[Exercise description] A verbatim copy of all the data is required, minus any images.

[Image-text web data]
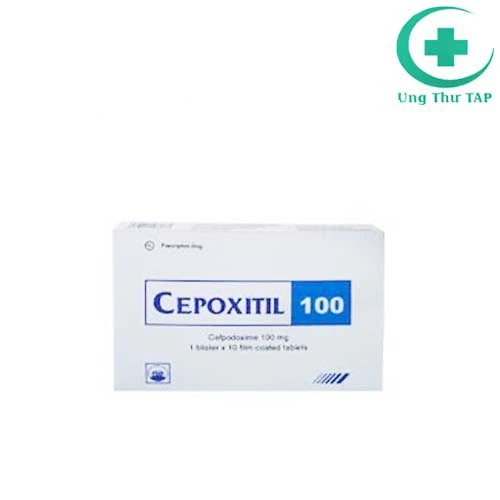 Cepoxitil 100 Pymepharco - Thuốc chống viêm tai giữa mức độ nặng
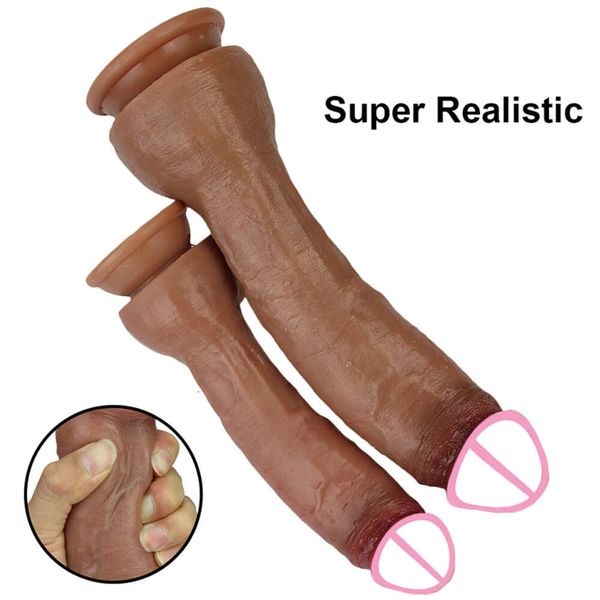 Peni curvo Penis Realistico Dildo Alex Sexy Toys for Women con Usction Tappone G-Spot Spot Spot Masturbazione Dick Dick Adulti Products
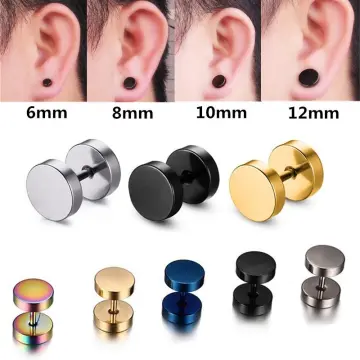 Exquisite 10mm Wooden Dumbbell Ear Studs Barbell Earrings For Birthday  Gifts | Fruugo NZ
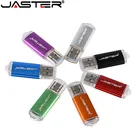 USB флеш-накопитель JASTER, 4 ГБ, 16 ГБ, 32 ГБ, 64 ГБ, USB 2,0, металлический USB-накопитель с логотипом на заказ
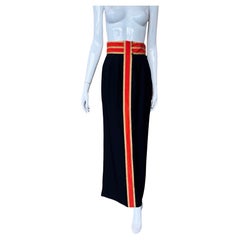 1960s Geoffrey Beene Bazaar Long Military Skirt
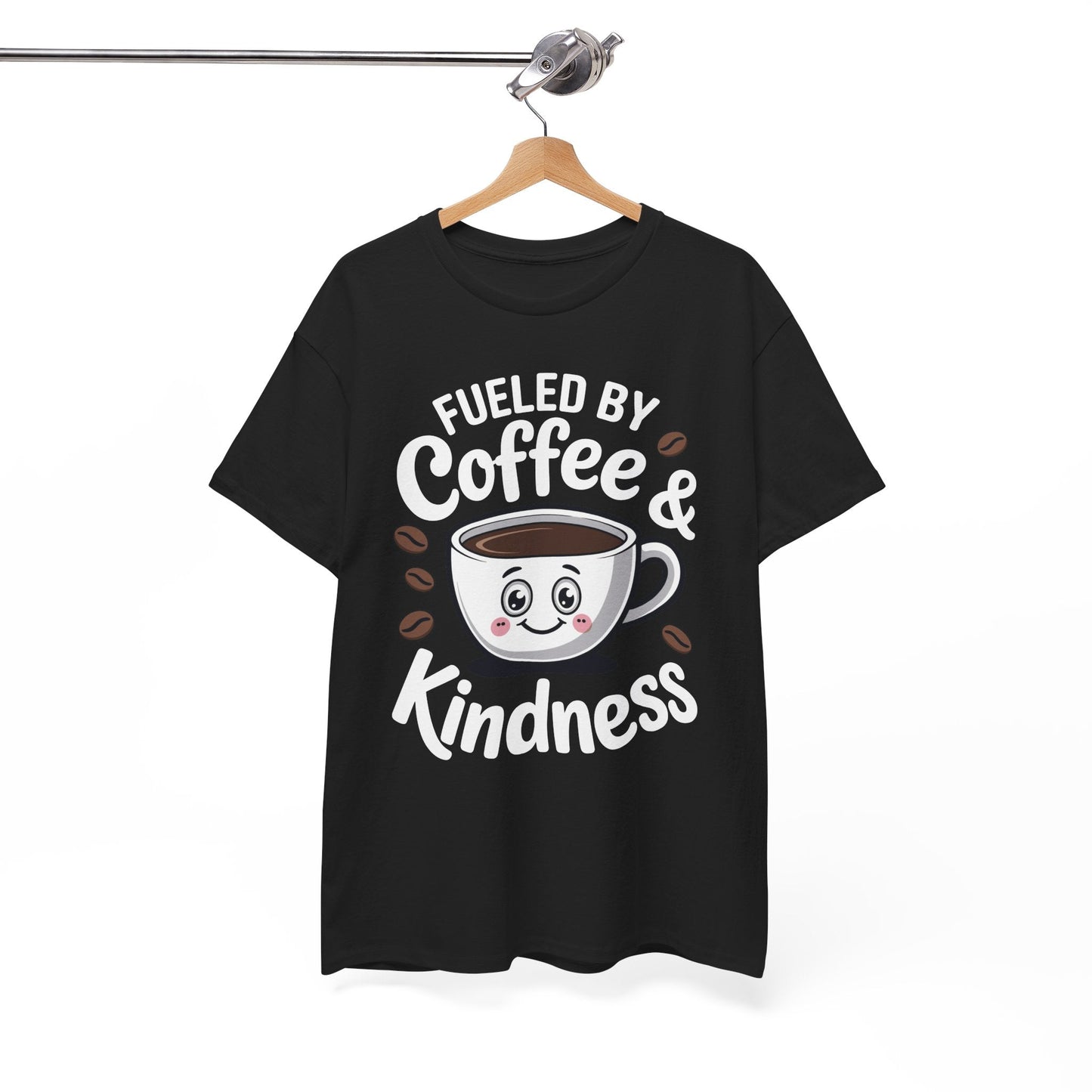 Funny Coffee Lover Fueled by Coffee And Kindness T-Shirt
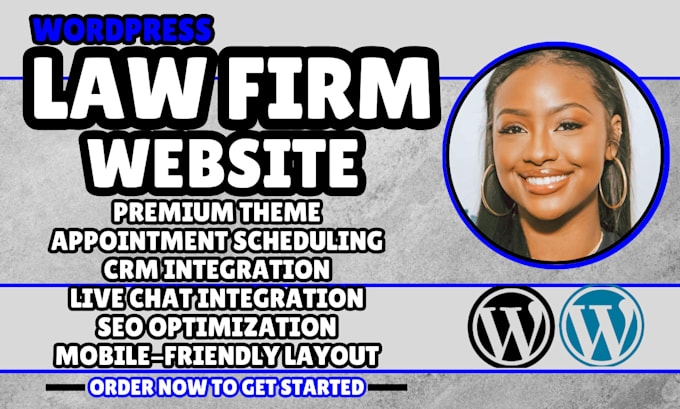 Gig Preview - Law firm website design lawyer website legal website attorney website design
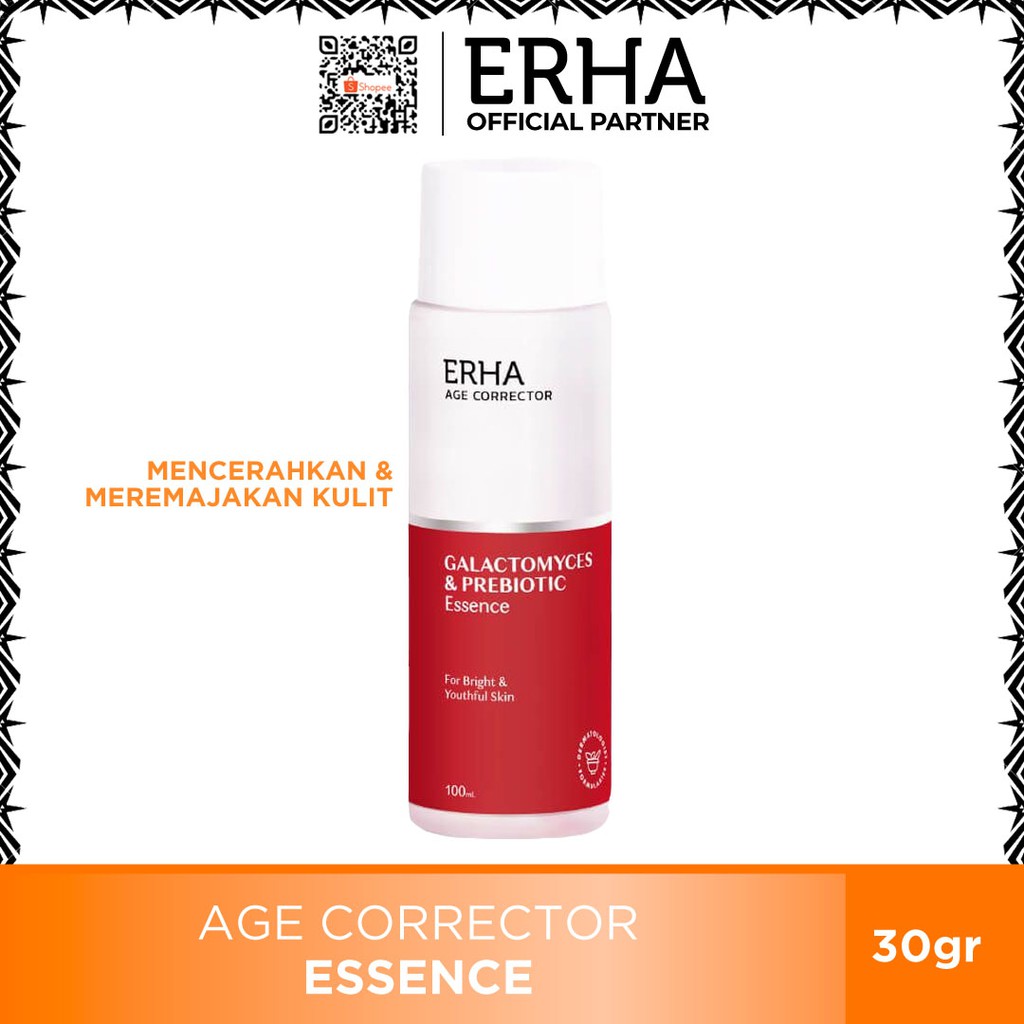 Jual Erha Age Corrector With Galactomyces And Prebiotic Essence For Anti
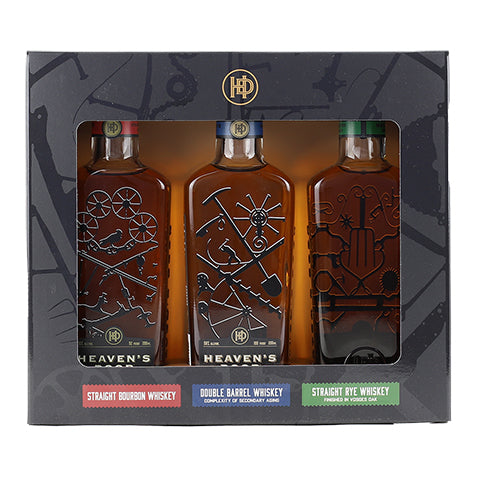 Heaven's Door Trilogy Whiskey Collection 3-Pack Gift Set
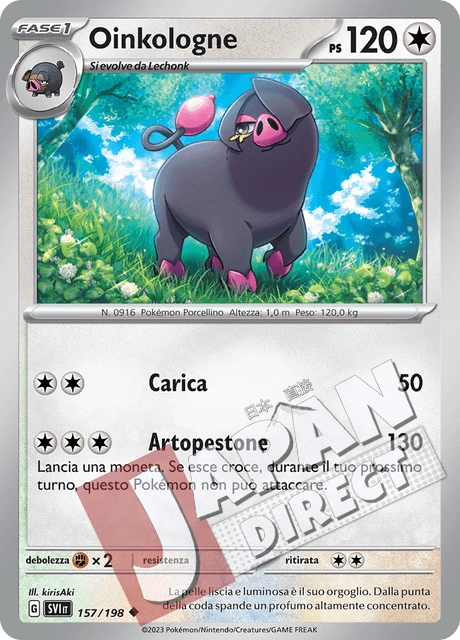 (SVI 157/198) Oinkologne  Non Comune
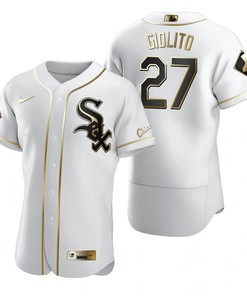 Chicago White Sox #27 Lucas Giolito Mlb Golden Brandedition White Jersey Gift For White Sox Fans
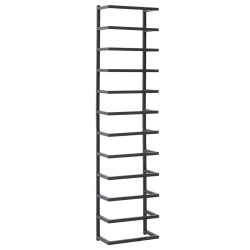 vidaXL Handtuchständer Schwarz 24x12x96 cm Stahl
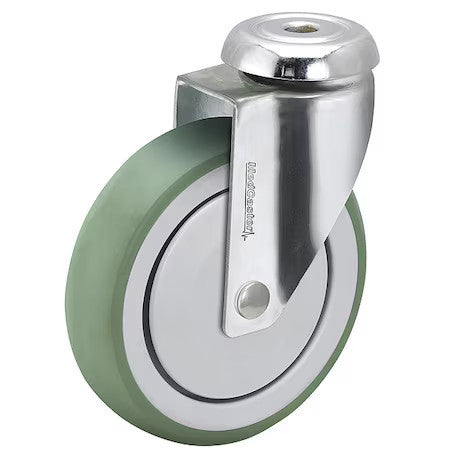 Medcaster Ch05amp125swhk01 5" X 1-1/4" Non-Marking Anti-Microbial Tpr Swivel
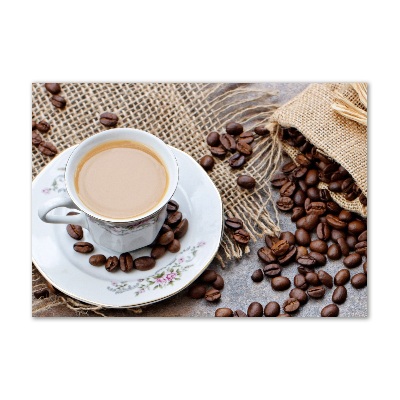 Cuadro metacrilato horizontal Café con leche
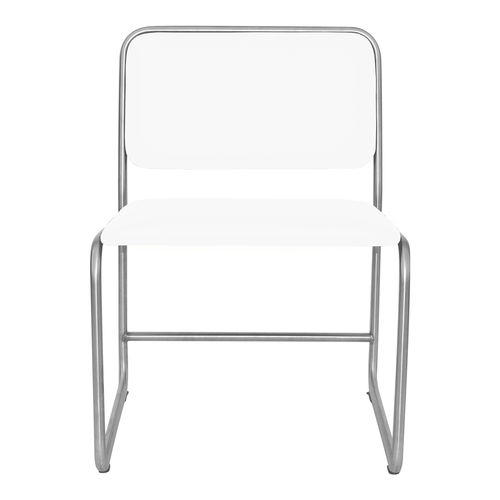 Bauhaus-Design-Stuhl - WB3 - WEINBAUMS - für den Innenraum / Leder / Gestell aus rostfreiem Edelstahl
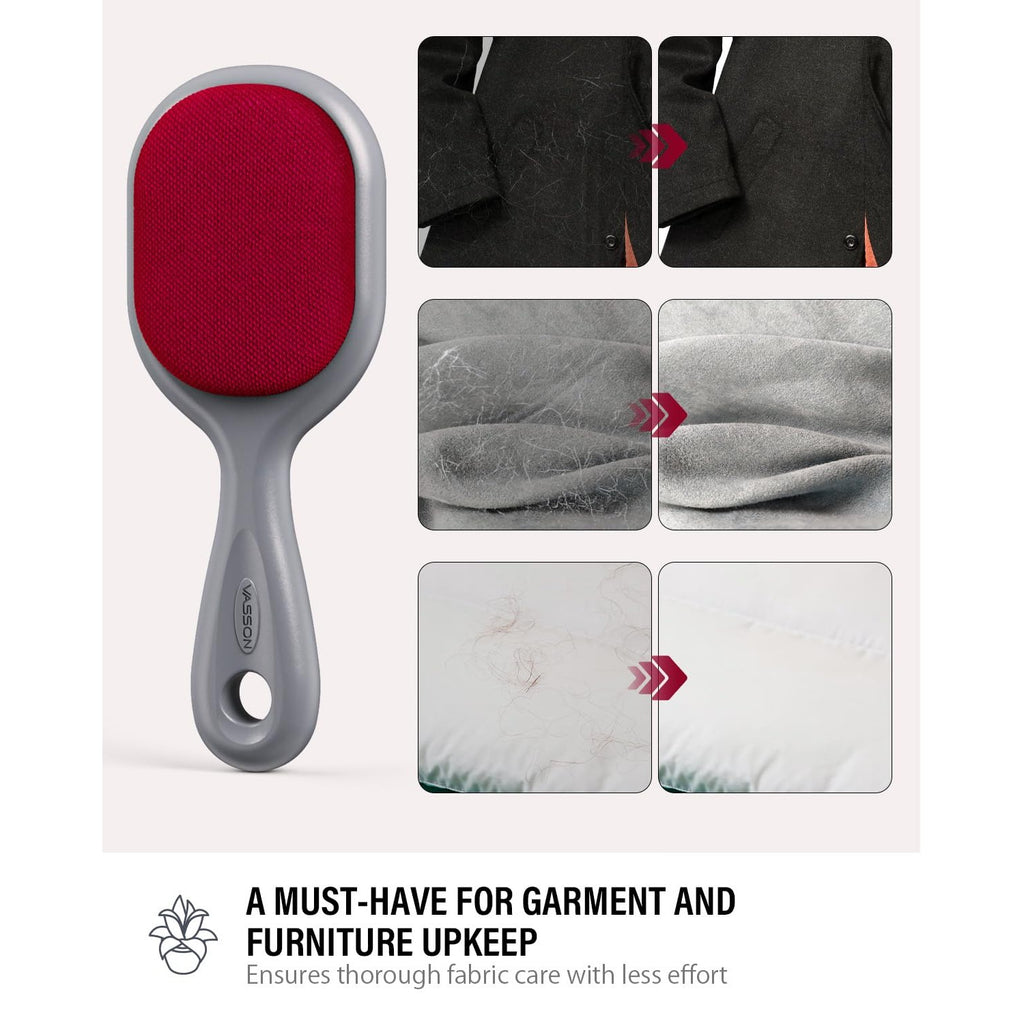 VASSON Double-Sided Lint Brushes for Clothes & Pet Hair Remover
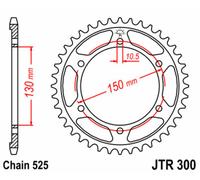 JT SPROCKETS Corona de acero estándar 300 - 525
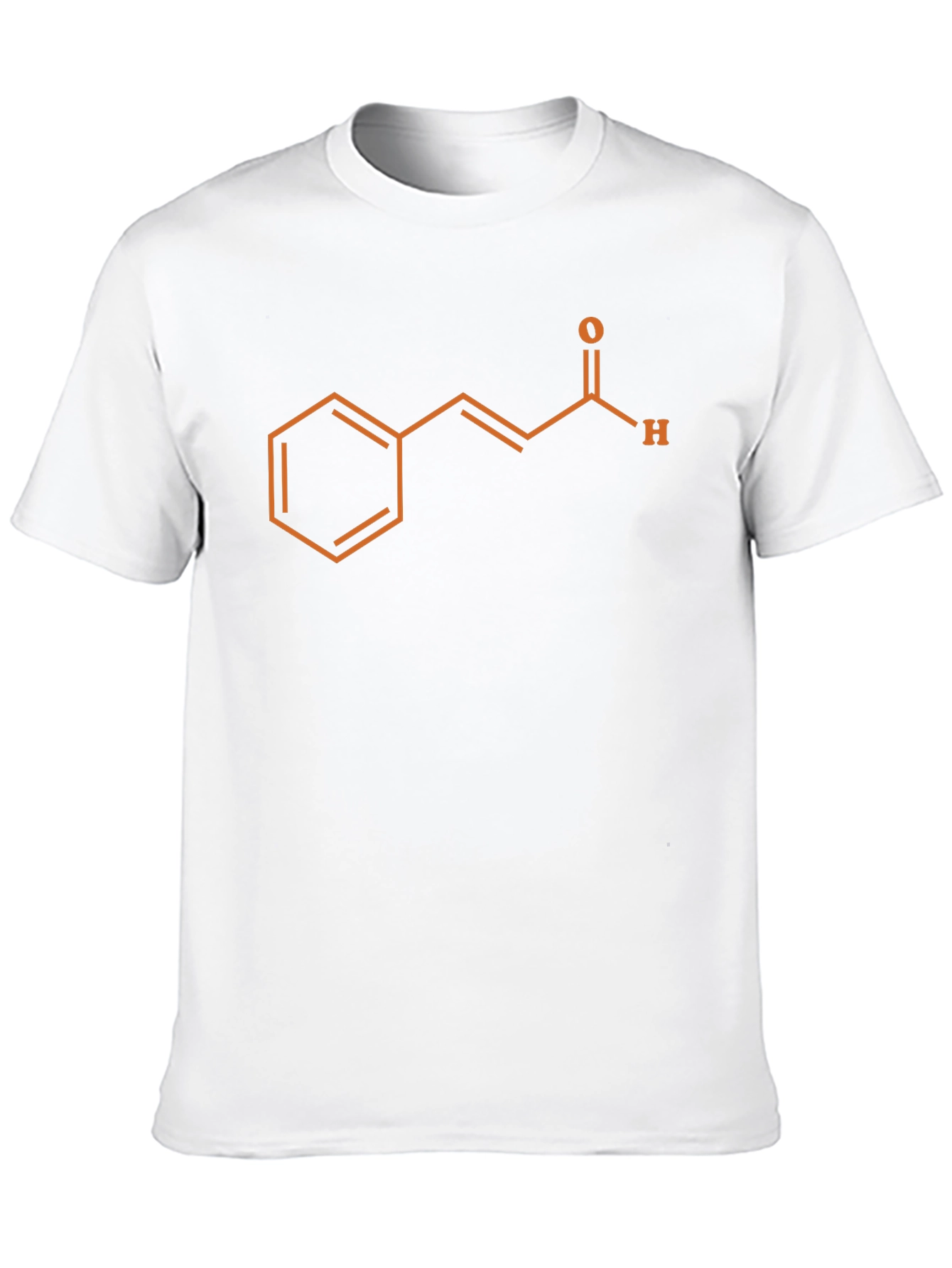 Cinnamaldehyde Molecule Graphic Tee - Science T-Shirt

[Answer to the problem]
 Cepoxitil 100 Pymepharco - Thuốc chống viêm tai giữa mức độ nặng
 Peni curvo Penis Realistico Dildo Alex Sexy Toys for Women con Usction Tappone G-Spot Spot Spot Masturbazione Dick Dick Adulti Products
 Exquisite 10mm Wooden Dumbbell Ear Studs Barbell Earrings For Birthday  Gifts | Fruugo NZ
 USB флеш-накопитель JASTER, 4 ГБ, 16 ГБ, 32 ГБ, 64 ГБ, USB 2,0, металлический USB-накопитель с логотипом на заказ
 1960s Geoffrey Beene Bazaar Long Military Skirt
 Funny Coffee Lover Fueled by Coffee And Kindness T-Shirt
 Gig Preview - Law firm website design lawyer website legal website attorney website design
 Jual Erha Age Corrector With Galactomyces And Prebiotic Essence For Anti
 Heaven's Door Trilogy Whiskey Collection 3-Pack Gift Set
 (SVI 157/198) Oinkologne  Non Comune
 Chicago White Sox #27 Lucas Giolito Mlb Golden Brandedition White Jersey Gift For White Sox Fans
 vidaXL Handtuchständer Schwarz 24x12x96 cm Stahl
 Medcaster Ch05amp125swhk01 5" X 1-1/4" Non-Marking Anti-Microbial Tpr Swivel
 Cuadro metacrilato horizontal Café con leche
 Bauhaus-Design-Stuhl - WB3 - WEINBAUMS - für den Innenraum / Leder / Gestell aus rostfreiem Edelstahl
 VASSON Double-Sided Lint Brushes for Clothes & Pet Hair Remover
 JT SPROCKETS Corona de acero estándar 300 - 525
 Cinnamaldehyde Molecule Graphic Tee - Science T-Shirt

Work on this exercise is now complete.